▶ **BRIEF**
Omit all pictures. Print the remaining lines exactly, from the start of the data through the line containing "SUNJA LINK GATHERED BACK YOKE DRESS SUNJA".

▶ **INFORMATION**
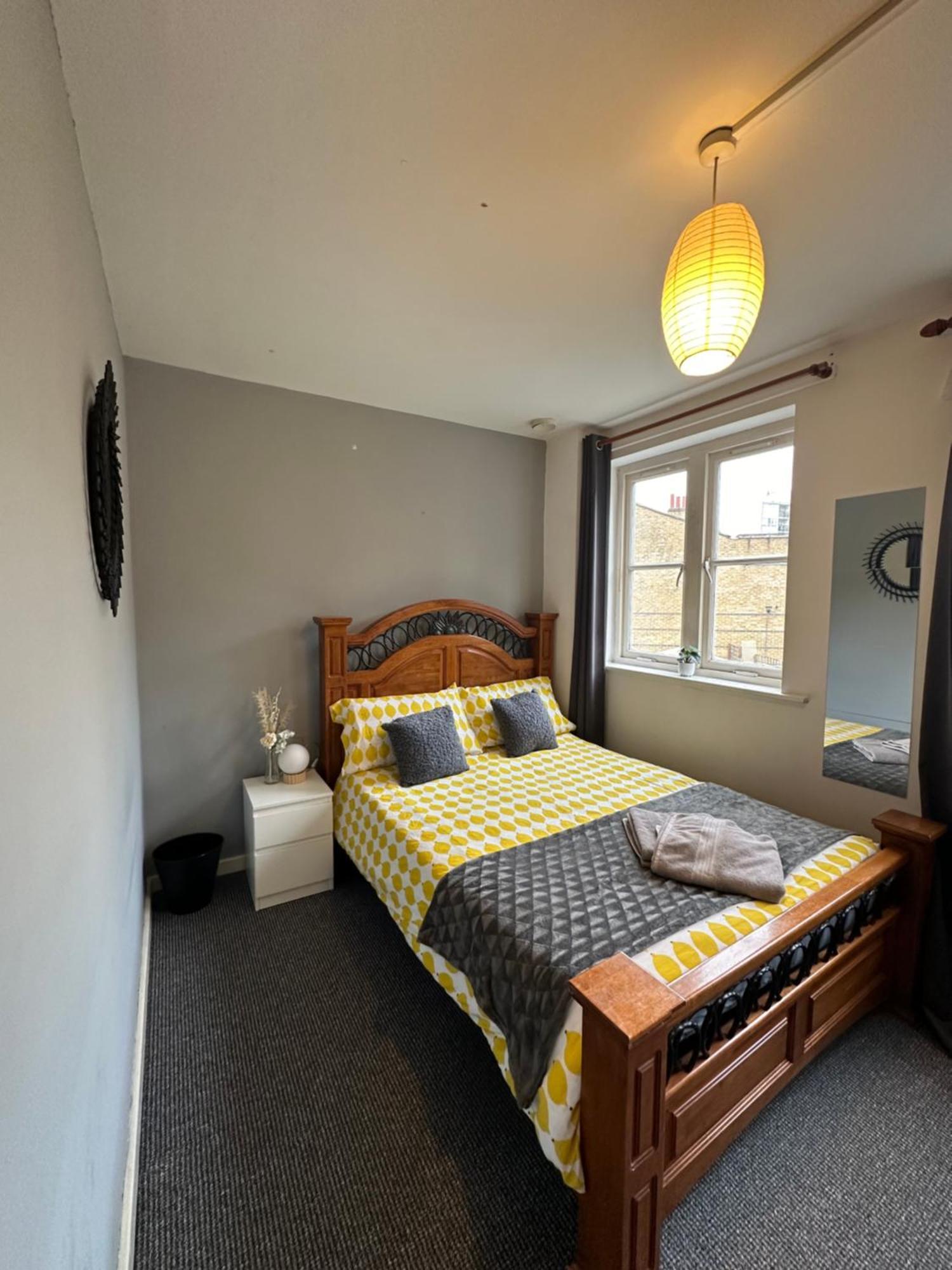 Luxury In Central London!6 Bedroom With 2 Bath & Separate Wc! London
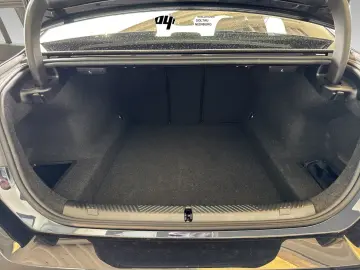 BMW 520i Limousine M Sportpaket Head-Up HK HiFi DAB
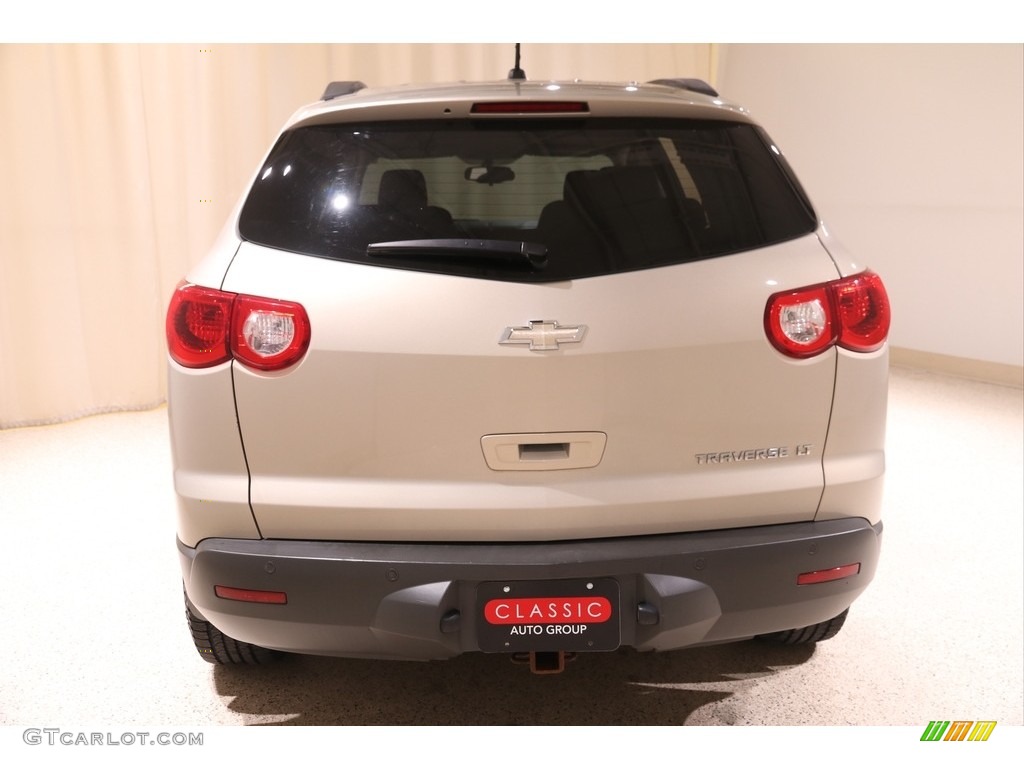 2012 Traverse LT - Gold Mist Metallic / Ebony photo #16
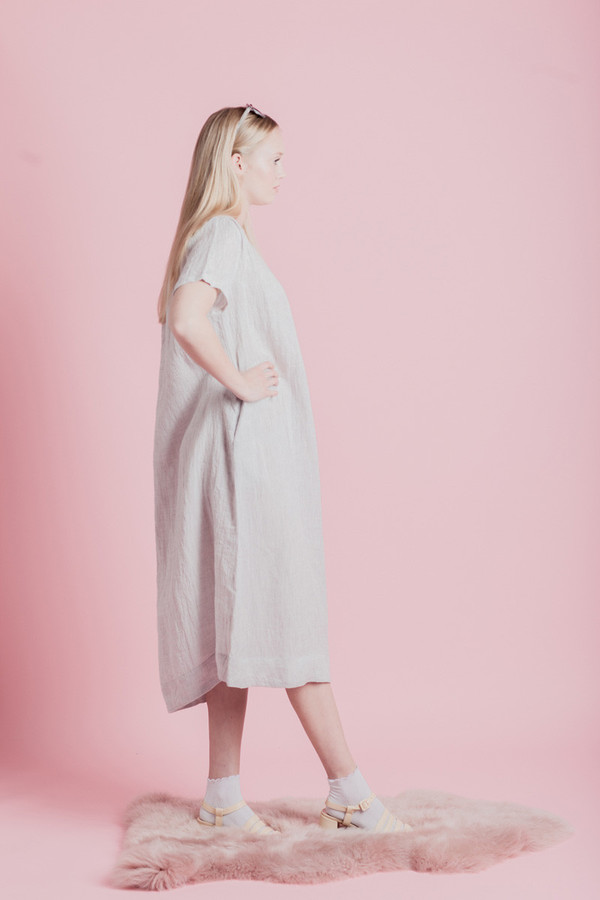 SUNJA LINK GATHERED BACK YOKE DRESS SUNJA LINK GATHERED BACK YOKE DRESS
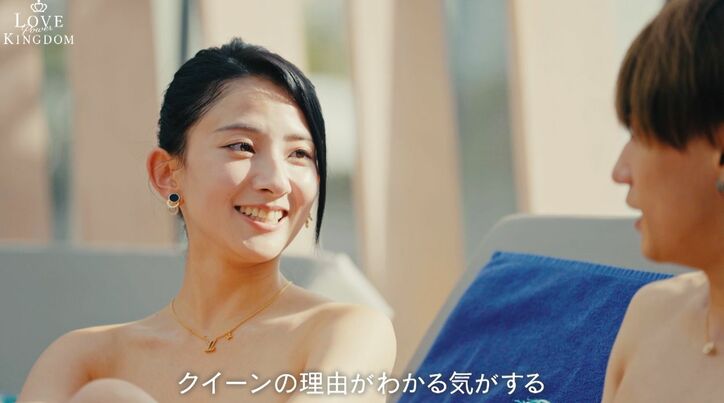 【写真・画像】国宝級バストあらわな水着美女を囲む4人の男たち…逆ハーレムにせいや「古代ギリシャ？」「神話か！」　3枚目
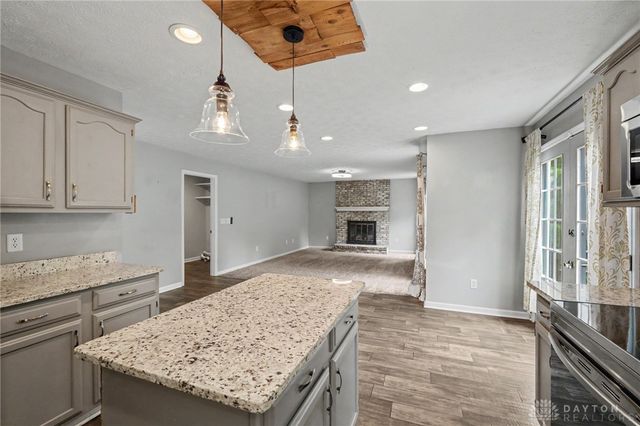 1176 Pickett Ridge Court, Beavercreek, OH 45434
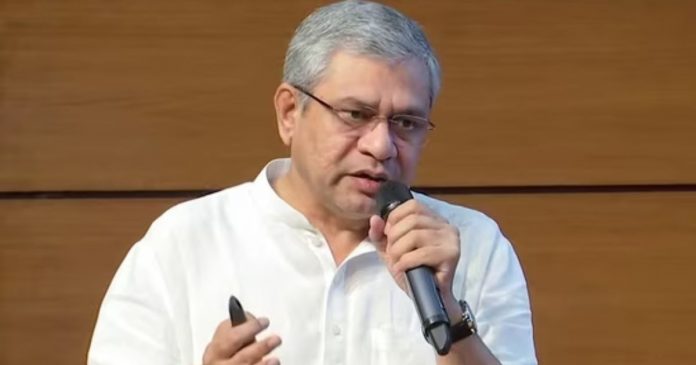 8th Central Pay Commission Gets Cabinet Nod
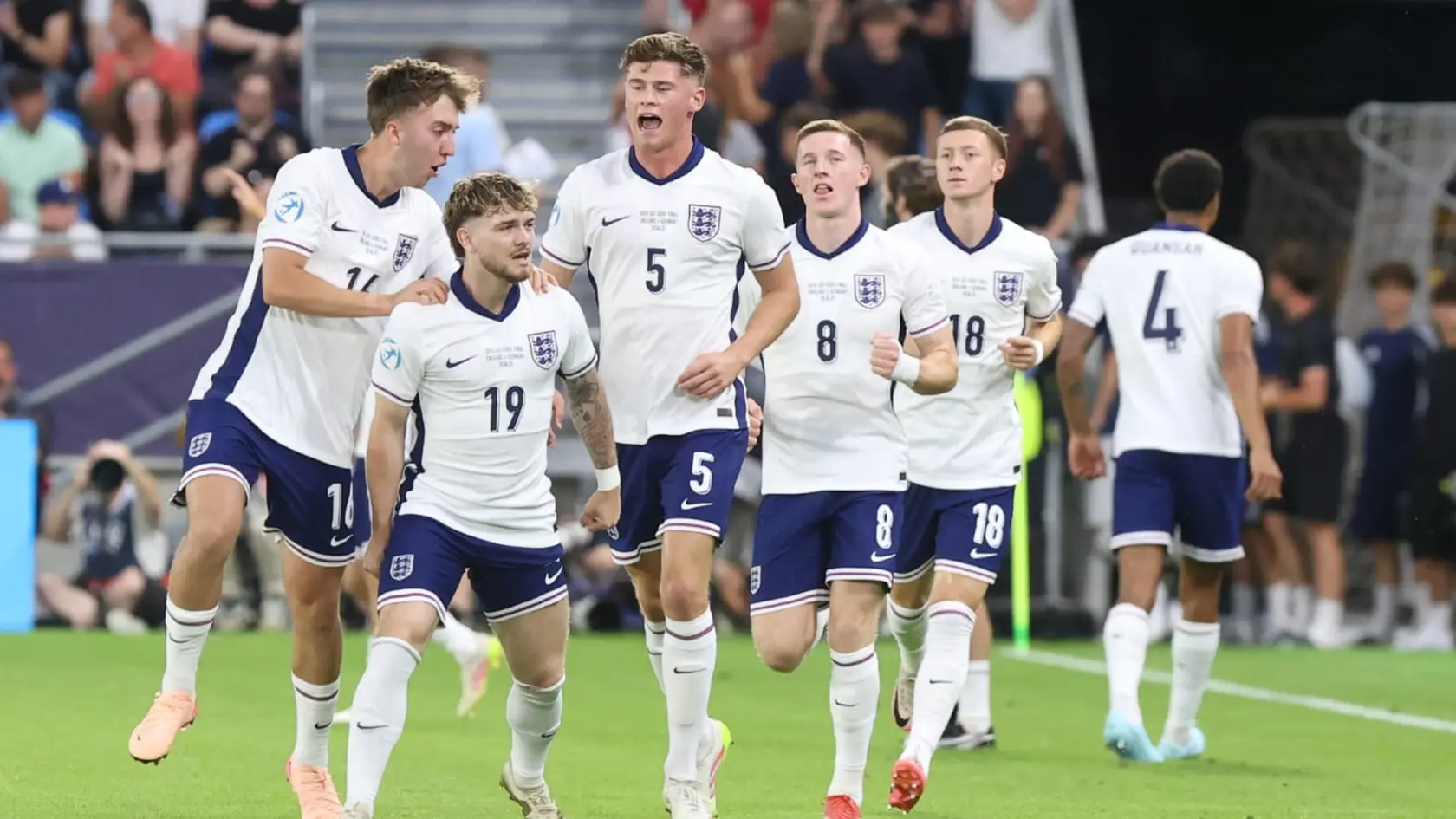 Finálový zápas ME U21 medzi Anglickom a Nemeckom.
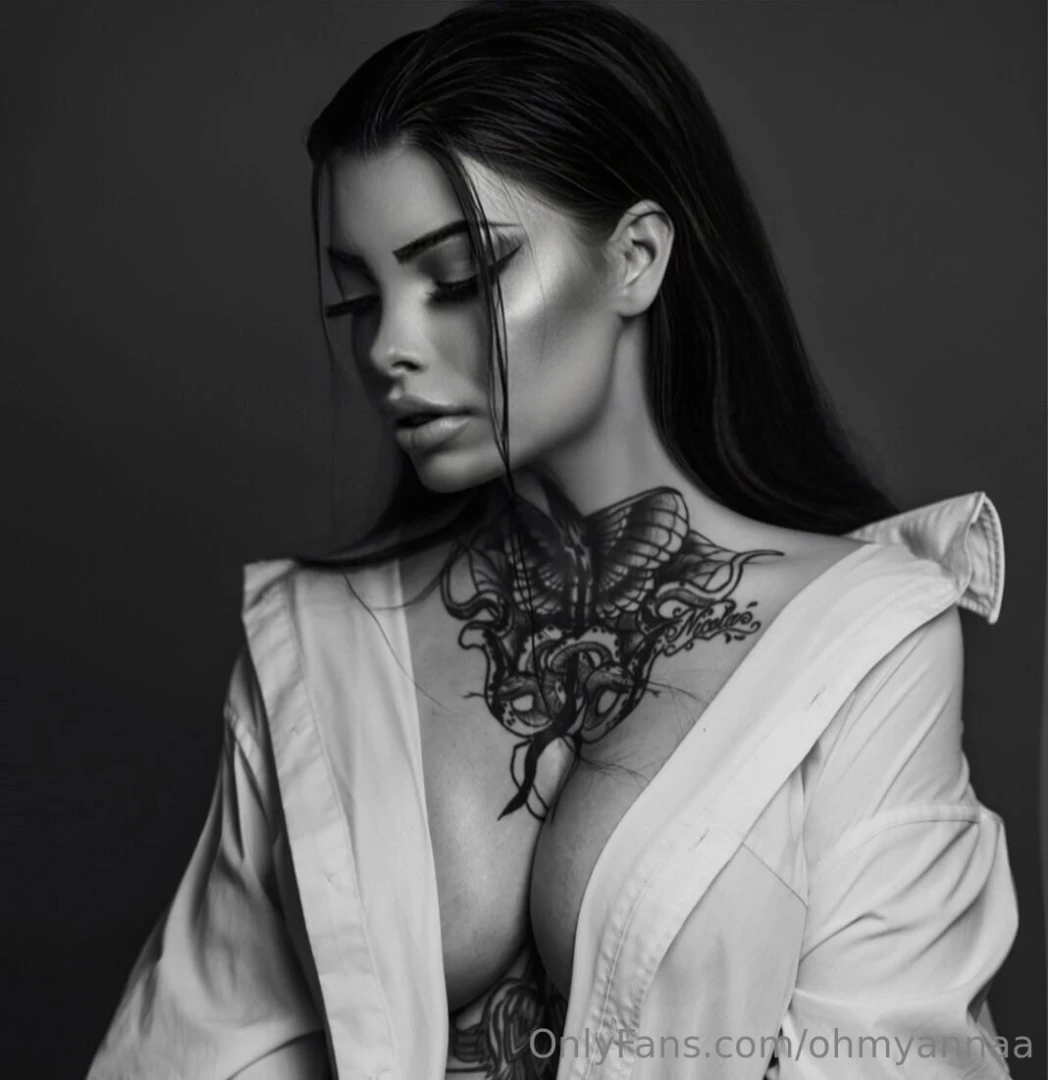 Sono online voglio farti vedere una cosa speciale mi scrivi 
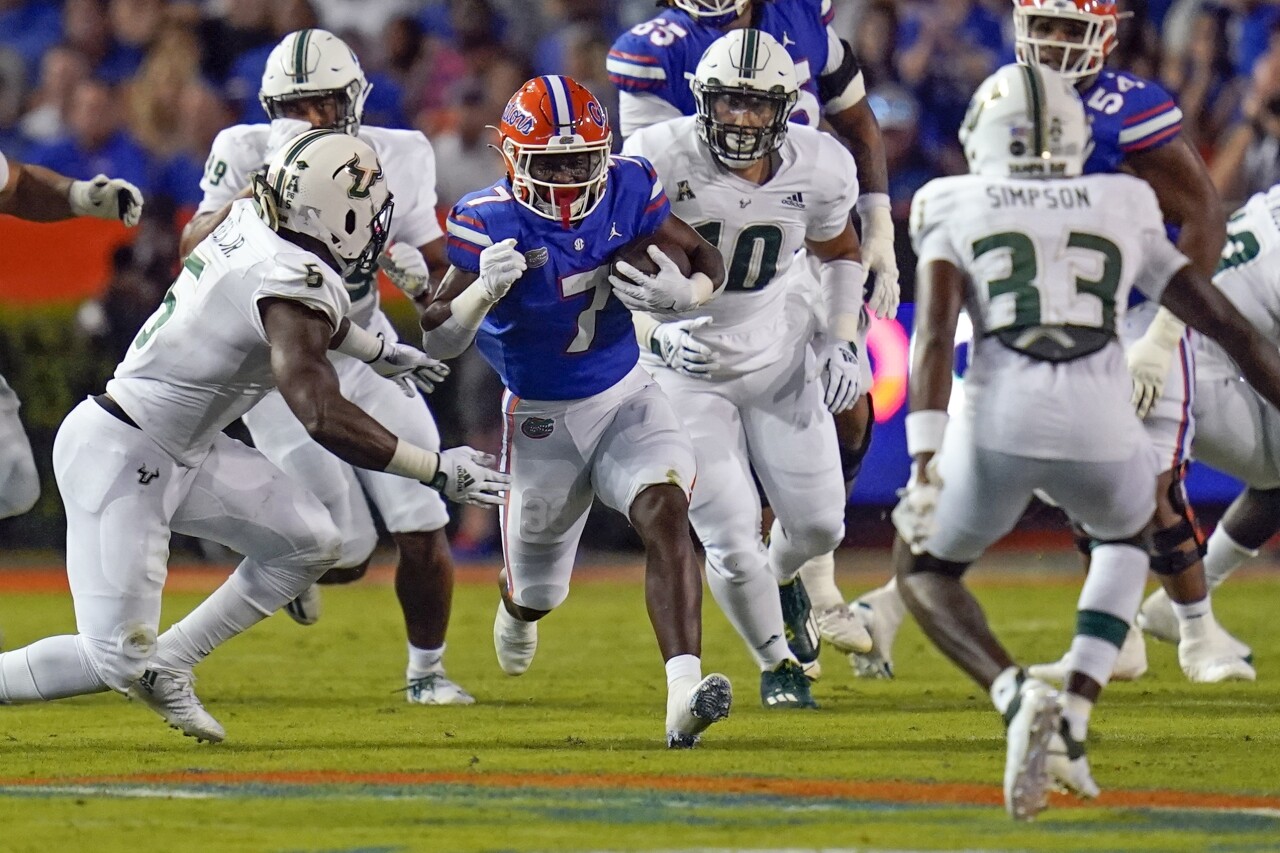 Florida Gators running back Trevor Etienne finds hole vs. South Florida Bulls defense, Sept. 17, 2022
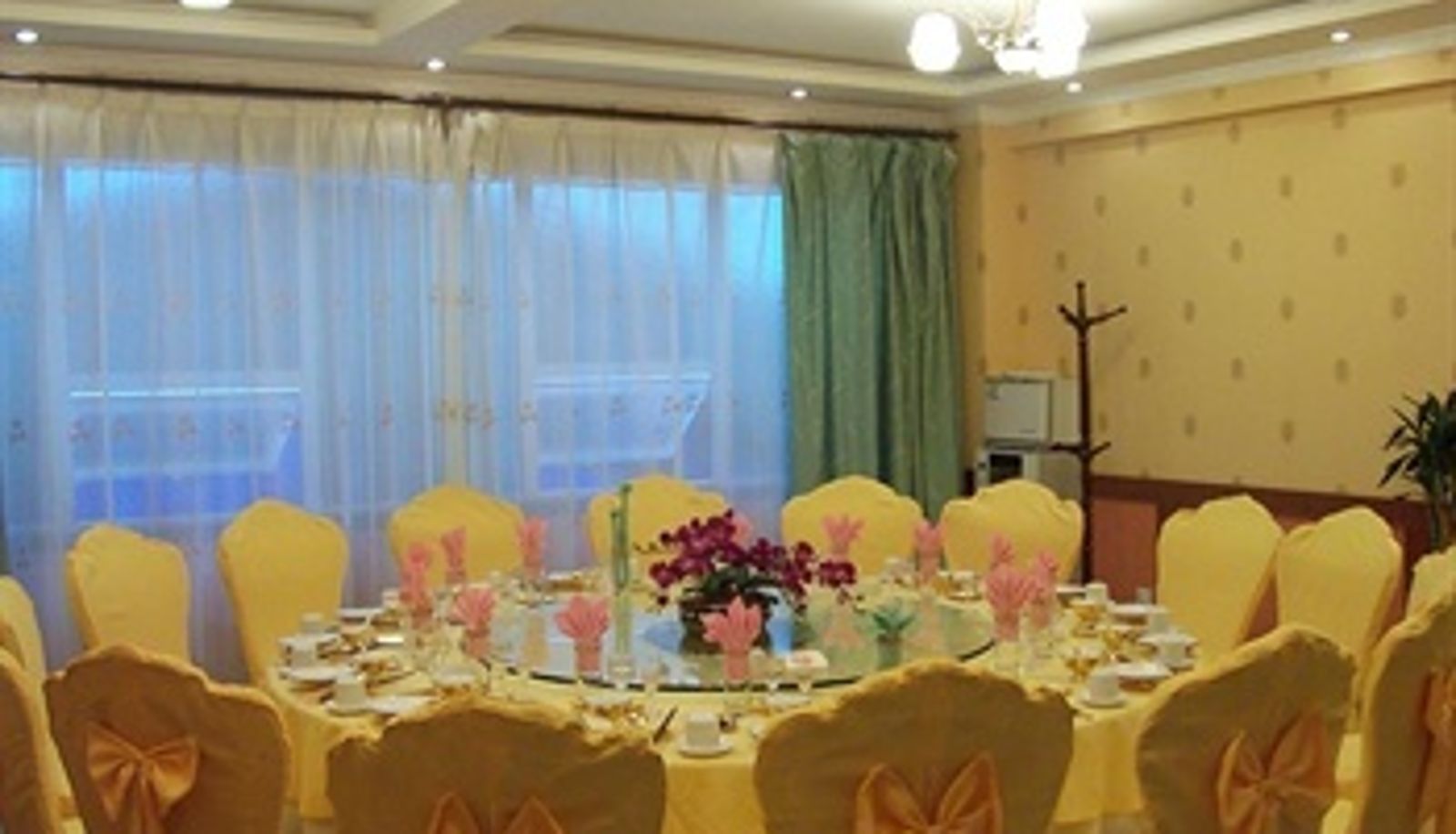 Breakfast room within the restaurant - Mingzhu Hotel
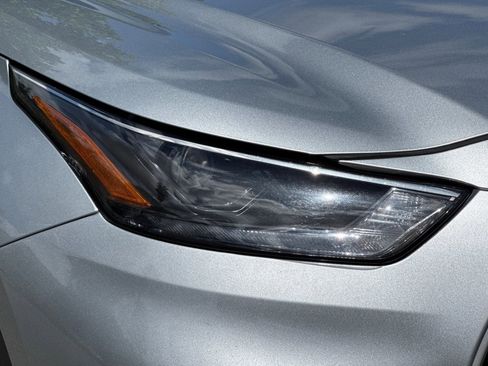 Used 2025 Toyota Highlander LE FWD image 10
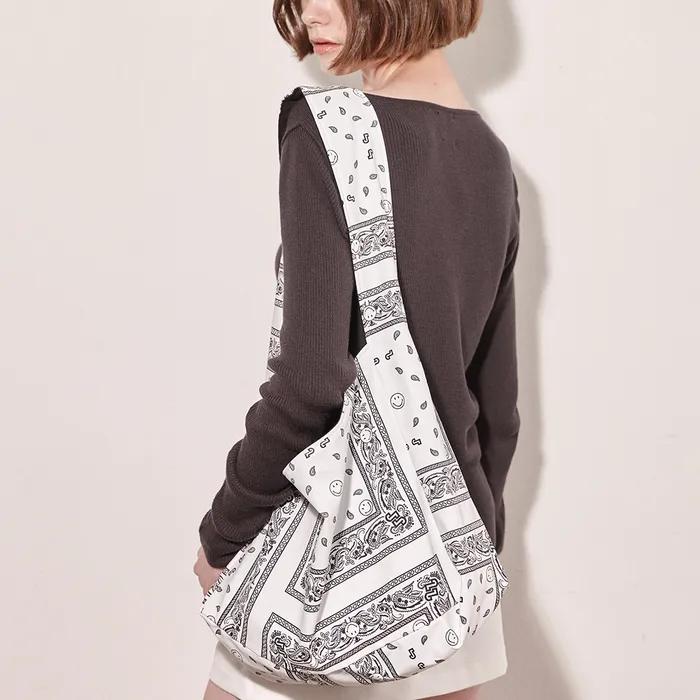 Smile Paisley Big Square Reversible Hobo Bag_2color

▶ **EXPECTED ANSWER**
 Luxury In Central London!6 Bedroom With 2 Bath & Separate Wc! London
 BMW 520i Limousine M Sportpaket Head-Up HK HiFi DAB
 2012 Traverse LT - Gold Mist Metallic / Ebony photo #16
 SUNJA LINK GATHERED BACK YOKE DRESS SUNJA LINK GATHERED BACK YOKE DRESS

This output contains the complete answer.